- WORK TO COMPLETE -
When the line containing "Stuga Höga Kusten med badtunna/ båt - Bild 7" appears in the data below, begin copying there and stop only after the line containing "Mercedes AMG G-63".

- SUPPLIED RECORDS -
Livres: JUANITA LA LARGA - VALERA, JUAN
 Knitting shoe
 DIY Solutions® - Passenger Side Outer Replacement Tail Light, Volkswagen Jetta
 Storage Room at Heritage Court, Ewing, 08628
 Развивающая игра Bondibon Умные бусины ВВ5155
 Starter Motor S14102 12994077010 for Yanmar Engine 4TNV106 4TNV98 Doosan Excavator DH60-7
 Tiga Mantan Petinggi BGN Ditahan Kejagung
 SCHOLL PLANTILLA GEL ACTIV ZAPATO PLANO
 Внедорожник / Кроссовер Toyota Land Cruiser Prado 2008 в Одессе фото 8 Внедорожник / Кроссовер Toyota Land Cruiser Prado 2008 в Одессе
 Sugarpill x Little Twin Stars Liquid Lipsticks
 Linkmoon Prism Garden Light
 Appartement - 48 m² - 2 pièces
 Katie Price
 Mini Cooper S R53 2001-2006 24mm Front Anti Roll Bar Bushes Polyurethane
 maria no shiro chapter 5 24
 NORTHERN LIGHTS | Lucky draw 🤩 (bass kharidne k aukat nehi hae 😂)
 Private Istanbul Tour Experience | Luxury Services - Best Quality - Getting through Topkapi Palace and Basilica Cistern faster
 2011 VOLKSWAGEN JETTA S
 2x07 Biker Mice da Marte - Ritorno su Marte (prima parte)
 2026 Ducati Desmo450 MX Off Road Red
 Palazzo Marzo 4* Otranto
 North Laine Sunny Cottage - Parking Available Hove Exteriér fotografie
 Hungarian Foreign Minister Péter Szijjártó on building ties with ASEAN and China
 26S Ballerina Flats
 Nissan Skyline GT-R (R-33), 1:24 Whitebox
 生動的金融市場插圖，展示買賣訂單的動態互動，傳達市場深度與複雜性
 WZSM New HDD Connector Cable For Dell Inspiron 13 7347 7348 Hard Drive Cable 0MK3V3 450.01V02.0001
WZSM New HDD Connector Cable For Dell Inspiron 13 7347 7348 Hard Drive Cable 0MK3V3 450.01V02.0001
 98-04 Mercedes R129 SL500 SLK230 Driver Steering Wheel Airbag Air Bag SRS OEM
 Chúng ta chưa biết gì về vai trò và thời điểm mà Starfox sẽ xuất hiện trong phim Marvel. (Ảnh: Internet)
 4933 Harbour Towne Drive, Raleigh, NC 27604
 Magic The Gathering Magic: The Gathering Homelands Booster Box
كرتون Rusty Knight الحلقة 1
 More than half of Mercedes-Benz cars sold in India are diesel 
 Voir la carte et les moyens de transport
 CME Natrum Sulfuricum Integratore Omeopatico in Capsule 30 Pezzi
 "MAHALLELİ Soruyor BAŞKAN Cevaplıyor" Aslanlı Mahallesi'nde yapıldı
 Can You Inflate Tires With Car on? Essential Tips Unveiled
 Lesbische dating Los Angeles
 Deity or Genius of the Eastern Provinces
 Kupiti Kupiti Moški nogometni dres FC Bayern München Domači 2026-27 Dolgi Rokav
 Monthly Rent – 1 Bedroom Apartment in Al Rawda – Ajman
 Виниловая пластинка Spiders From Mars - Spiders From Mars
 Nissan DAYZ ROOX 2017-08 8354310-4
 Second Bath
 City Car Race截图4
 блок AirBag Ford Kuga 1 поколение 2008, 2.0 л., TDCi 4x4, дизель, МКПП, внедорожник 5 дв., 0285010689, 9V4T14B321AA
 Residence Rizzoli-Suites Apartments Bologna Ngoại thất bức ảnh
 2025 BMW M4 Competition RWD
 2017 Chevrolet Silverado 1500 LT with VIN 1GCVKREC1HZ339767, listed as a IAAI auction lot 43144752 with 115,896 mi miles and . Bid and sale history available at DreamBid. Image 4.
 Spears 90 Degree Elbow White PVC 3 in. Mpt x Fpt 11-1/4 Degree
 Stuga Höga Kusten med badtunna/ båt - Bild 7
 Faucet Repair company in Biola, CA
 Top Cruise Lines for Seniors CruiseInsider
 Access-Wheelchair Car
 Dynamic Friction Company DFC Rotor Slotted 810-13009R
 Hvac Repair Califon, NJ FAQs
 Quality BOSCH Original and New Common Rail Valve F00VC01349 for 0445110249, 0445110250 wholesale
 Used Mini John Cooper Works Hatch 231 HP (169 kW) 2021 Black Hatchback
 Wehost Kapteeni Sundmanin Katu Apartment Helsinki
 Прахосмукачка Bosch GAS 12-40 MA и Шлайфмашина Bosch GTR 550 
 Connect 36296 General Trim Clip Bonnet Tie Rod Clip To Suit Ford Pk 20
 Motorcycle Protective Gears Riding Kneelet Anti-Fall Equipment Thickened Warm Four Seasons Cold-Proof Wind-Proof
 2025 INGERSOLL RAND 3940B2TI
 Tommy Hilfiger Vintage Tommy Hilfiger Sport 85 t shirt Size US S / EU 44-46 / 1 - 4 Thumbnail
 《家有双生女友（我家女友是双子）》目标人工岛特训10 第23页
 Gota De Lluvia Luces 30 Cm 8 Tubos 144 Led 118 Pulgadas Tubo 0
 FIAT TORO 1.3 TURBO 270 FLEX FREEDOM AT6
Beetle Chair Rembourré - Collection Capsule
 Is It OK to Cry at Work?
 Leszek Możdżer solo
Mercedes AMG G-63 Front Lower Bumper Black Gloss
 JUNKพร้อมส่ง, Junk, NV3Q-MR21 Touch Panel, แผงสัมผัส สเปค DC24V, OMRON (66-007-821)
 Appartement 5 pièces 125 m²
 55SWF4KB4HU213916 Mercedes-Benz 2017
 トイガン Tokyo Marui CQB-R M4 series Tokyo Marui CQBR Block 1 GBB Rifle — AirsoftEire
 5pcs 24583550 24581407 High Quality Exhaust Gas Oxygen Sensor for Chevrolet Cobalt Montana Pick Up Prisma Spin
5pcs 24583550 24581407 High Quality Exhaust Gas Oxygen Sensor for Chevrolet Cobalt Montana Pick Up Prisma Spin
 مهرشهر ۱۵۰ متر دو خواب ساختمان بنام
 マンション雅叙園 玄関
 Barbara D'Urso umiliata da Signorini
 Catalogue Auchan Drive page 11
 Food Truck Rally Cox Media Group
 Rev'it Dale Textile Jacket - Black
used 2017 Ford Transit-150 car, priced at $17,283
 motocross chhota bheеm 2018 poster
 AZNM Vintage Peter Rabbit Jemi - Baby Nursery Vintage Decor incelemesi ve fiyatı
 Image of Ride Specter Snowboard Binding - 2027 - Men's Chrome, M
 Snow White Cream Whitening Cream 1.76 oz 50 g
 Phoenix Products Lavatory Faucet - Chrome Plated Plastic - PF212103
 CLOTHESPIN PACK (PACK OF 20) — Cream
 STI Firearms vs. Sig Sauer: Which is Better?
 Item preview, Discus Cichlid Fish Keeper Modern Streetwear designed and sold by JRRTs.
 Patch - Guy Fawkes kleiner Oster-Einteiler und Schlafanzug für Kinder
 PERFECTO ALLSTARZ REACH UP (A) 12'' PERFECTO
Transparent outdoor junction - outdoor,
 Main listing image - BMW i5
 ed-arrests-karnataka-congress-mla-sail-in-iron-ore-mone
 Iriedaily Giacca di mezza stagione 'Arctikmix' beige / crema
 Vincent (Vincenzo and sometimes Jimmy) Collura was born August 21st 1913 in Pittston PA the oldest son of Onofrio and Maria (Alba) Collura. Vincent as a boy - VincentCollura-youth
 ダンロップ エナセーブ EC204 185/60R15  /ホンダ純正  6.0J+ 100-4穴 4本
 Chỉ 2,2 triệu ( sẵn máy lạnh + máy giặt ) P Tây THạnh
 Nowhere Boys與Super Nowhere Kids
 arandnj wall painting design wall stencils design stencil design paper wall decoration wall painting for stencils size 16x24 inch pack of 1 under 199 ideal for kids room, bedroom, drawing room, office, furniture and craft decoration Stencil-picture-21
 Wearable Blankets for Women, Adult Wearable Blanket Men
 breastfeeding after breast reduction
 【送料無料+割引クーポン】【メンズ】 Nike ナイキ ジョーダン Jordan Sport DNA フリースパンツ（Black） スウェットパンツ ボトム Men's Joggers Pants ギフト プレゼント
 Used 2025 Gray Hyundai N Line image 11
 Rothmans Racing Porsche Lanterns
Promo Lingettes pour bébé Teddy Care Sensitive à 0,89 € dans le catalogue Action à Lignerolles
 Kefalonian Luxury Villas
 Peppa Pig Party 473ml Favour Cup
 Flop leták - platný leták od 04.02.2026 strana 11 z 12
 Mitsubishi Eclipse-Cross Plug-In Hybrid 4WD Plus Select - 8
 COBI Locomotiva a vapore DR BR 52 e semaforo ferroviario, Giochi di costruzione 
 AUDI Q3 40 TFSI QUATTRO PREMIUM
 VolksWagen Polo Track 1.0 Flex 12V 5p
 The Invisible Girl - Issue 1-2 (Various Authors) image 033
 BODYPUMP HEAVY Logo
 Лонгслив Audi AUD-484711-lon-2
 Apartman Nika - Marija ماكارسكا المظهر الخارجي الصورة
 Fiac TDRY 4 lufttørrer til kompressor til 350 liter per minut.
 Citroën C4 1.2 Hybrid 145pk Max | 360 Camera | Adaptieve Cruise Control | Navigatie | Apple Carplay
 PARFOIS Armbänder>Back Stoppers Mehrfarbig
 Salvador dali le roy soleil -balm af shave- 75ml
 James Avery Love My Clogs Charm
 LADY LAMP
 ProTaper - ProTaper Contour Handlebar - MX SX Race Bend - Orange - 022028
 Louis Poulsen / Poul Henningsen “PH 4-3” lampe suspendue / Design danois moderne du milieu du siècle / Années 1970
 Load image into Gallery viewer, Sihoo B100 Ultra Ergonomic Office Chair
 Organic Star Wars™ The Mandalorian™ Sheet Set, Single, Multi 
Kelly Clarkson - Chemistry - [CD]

- TASK OUTPUT -
 Stuga Höga Kusten med badtunna/ båt - Bild 7
 Faucet Repair company in Biola, CA
 Top Cruise Lines for Seniors CruiseInsider
 Access-Wheelchair Car
 Dynamic Friction Company DFC Rotor Slotted 810-13009R
 Hvac Repair Califon, NJ FAQs
 Quality BOSCH Original and New Common Rail Valve F00VC01349 for 0445110249, 0445110250 wholesale
 Used Mini John Cooper Works Hatch 231 HP (169 kW) 2021 Black Hatchback
 Wehost Kapteeni Sundmanin Katu Apartment Helsinki
 Прахосмукачка Bosch GAS 12-40 MA и Шлайфмашина Bosch GTR 550 
 Connect 36296 General Trim Clip Bonnet Tie Rod Clip To Suit Ford Pk 20
 Motorcycle Protective Gears Riding Kneelet Anti-Fall Equipment Thickened Warm Four Seasons Cold-Proof Wind-Proof
 2025 INGERSOLL RAND 3940B2TI
 Tommy Hilfiger Vintage Tommy Hilfiger Sport 85 t shirt Size US S / EU 44-46 / 1 - 4 Thumbnail
 《家有双生女友（我家女友是双子）》目标人工岛特训10 第23页
 Gota De Lluvia Luces 30 Cm 8 Tubos 144 Led 118 Pulgadas Tubo 0
 FIAT TORO 1.3 TURBO 270 FLEX FREEDOM AT6
Beetle Chair Rembourré - Collection Capsule
 Is It OK to Cry at Work?
 Leszek Możdżer solo
Mercedes AMG G-63 Front Lower Bumper Black Gloss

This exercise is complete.